Publications: Theses
  1. Refinement of Temporal Constraints in an Event Recognition System using Small Datasets. Ph.D. Thesis, Supervisor: Prof. D.S. Brée, Department of Computer Science, University of Manchester, UK, 1997.

    Abstract:

    This thesis presents a simple representation for event detection systems and an efficient method for refining the temporal constraints of such a system, with the use of a small set of training examples. This task is in many respects atypical of existing work in machine learning and knowledge refinement.
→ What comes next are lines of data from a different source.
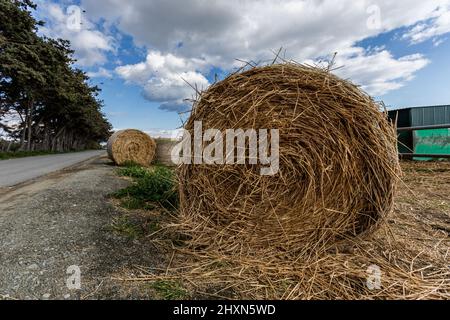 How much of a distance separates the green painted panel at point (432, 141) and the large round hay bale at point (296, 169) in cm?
779

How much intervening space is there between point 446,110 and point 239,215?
13.1 metres

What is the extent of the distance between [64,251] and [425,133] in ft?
34.4

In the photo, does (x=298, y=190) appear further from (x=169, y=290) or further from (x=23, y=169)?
(x=23, y=169)

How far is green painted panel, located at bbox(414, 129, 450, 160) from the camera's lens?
834cm

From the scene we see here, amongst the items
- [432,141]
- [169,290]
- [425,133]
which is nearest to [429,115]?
[425,133]

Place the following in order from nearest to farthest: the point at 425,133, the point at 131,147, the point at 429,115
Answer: the point at 425,133 < the point at 131,147 < the point at 429,115

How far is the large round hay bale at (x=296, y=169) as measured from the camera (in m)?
2.42

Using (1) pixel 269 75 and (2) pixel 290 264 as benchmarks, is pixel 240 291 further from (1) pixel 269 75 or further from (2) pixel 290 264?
(1) pixel 269 75

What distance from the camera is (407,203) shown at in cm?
423

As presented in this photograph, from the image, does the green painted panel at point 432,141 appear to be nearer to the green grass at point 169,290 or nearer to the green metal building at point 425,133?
the green metal building at point 425,133

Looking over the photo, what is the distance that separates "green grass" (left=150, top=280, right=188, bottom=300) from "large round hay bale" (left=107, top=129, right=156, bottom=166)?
29.5 feet

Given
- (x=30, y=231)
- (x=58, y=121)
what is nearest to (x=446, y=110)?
(x=30, y=231)

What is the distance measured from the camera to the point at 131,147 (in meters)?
10.7

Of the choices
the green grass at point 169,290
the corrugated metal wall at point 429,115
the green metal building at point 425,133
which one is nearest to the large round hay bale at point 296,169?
the green grass at point 169,290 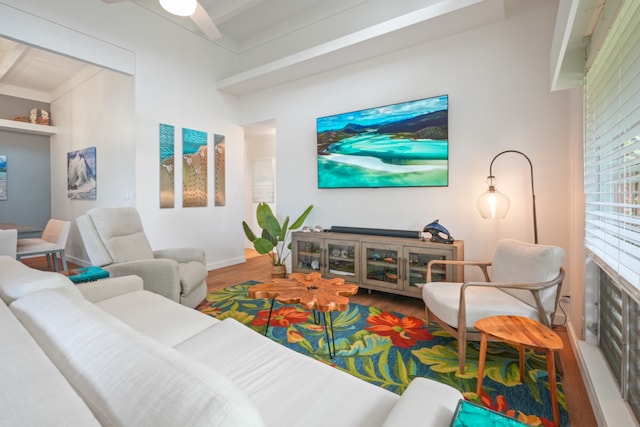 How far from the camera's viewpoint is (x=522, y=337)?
4.92 ft

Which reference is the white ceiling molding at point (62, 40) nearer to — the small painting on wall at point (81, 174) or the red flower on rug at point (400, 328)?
the small painting on wall at point (81, 174)

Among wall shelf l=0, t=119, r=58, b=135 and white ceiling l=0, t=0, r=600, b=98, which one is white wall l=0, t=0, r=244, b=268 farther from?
wall shelf l=0, t=119, r=58, b=135

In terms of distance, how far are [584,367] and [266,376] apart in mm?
1816

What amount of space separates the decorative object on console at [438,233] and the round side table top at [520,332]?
3.90 feet

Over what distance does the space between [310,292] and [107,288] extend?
1300 millimetres

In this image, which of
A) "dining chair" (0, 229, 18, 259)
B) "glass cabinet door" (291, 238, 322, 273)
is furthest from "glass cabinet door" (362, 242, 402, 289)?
"dining chair" (0, 229, 18, 259)

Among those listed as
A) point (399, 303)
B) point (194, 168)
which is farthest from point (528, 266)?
point (194, 168)

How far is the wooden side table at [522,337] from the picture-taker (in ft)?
4.64

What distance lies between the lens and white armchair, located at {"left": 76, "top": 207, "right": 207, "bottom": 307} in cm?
243

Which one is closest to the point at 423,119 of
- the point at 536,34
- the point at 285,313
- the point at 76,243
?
the point at 536,34

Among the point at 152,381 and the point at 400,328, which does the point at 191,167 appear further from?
the point at 152,381

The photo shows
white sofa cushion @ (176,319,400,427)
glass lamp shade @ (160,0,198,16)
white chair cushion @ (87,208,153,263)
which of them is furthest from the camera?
white chair cushion @ (87,208,153,263)

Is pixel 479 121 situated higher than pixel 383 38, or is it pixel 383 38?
pixel 383 38

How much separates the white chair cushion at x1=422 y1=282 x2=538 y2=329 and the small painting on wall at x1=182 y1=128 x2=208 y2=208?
332 cm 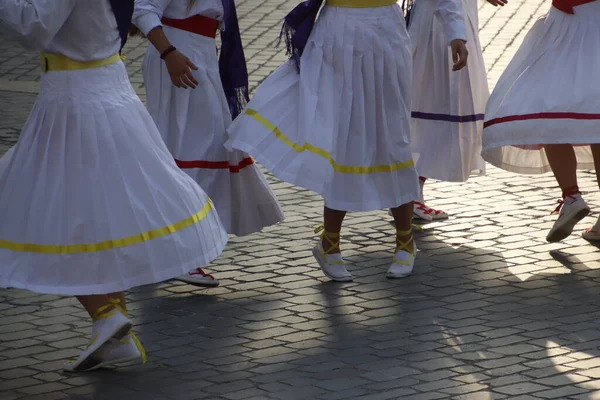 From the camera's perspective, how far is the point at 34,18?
4.49 meters

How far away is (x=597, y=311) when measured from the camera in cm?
550

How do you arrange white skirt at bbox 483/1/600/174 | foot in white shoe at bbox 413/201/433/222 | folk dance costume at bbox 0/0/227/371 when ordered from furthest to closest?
1. foot in white shoe at bbox 413/201/433/222
2. white skirt at bbox 483/1/600/174
3. folk dance costume at bbox 0/0/227/371

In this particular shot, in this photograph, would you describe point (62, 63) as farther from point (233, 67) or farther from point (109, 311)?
point (233, 67)

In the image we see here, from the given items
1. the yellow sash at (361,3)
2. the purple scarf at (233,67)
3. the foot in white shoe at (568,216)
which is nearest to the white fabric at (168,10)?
the purple scarf at (233,67)

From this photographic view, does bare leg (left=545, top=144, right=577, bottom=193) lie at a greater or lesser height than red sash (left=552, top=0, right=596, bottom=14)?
lesser

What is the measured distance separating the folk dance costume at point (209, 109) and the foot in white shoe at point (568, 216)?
1432 millimetres

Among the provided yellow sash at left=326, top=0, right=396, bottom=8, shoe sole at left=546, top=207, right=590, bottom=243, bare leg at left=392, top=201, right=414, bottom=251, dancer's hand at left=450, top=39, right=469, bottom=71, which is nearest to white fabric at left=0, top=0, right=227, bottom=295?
yellow sash at left=326, top=0, right=396, bottom=8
    Firstly this task involves continuous sequential input from the environment, with a high degree of interdependence between events. In order to deal with this problem, a graphical representation is proposed which allows the hierarchical definition of events on the basis of sequences of part-events. This representation is augmented with a set of simple sequential and temporal constraints that capture the relations between events participating in a definition.

    An additional challenge is set by the limited quantity of available training data. This problem is tackled by the use of a bias towards minimal change of the original model. Special cost functions are introduced to implement this bias.

    Finally, the problem of refinement under partial supervision is addressed, whereby feedback from the training data is available for only a subset of the events in the detection system. This problem requires a special method of distributing feedback, which is facilitated by the hierarchical definition of events.

    The system is tested using real world data that encode marine mammal sounds. In particular, we use recordings of humpback whale songs, recorded in Hawaii in 1978. The task is the thematic analysis of the songs, which have a very rich structure.

  2. The Scalability of Machine Learning Algorithms. M.Sc. Thesis, Supervisor: Prof. D.S. Brée, Department of Computer Science, University of Manchester, UK, 1993.

    Abstract:

    During the last two decades, there has been a significant research activity in Machine Learning, which has mainly concentrated on the task of empirical concept learning. This method of learning involves the acquisition of knowledge from a set of examples, the training set, using generalisation techniques.

    The task of empirical concept learning can be thought of as being equivalent to the classification task, previously performed by statistical techniques. Despite the existence of a large number of problems which can be considered classification tasks, ML techniques have not been widely applied to real-world problems. One of the possible reasons for this is that learning programs cannot handle large-scale data, used in real applications.

    Considering that possibility, the presented thesis examined the scalability of five concept-learning algorithms, defining scalabilty by the effect that an increase in the size of the training set has on the computational performance of the algorithm. The programs that were considered are: NewID (Niblett, 1989), C4.5 (Quinlan, 1993), PLS1 (Rendell, 1983), CN2 (Clark, 1989) and AQ15 (Michalski, 1986).

    The first part of the project involved the theoretical analysis of the algorithms, concentrating on their worst-case computational complexity. The obtained results deviate substantially from those previously presented (e.g. (O'Rorke, 1982) and (Rendell, 1989)), providing over-quadratic worst-case estimates.

    The second part of the work is an experimental examination, using real and artificial data sets. Two large real data sets have been selected for that purpose, one dealing with letter recognition and the other with chromosome classification. The experiments that were done, using those two sets, provide an indication of the average-case performance of the programs, which is significantly different from the worst-case one. The artificial data set, on the other hand, provides a near-worst case situation, which confirms the obtained theoretical results.

    The results of the theoretical and experimental analyses show that, although their worst-case computational complexity is over-quadratic, most of the examined algorithms can handle large amounts of data. Those which had difficulties did not do so because of their order of complexity, but because of their standard computational "unit-cost", which affects significantly their performance. The size of the training set is only one of the parameters affecting scalability. The examination of other factors (e.g. the complexity of the learning task) is equally interesting.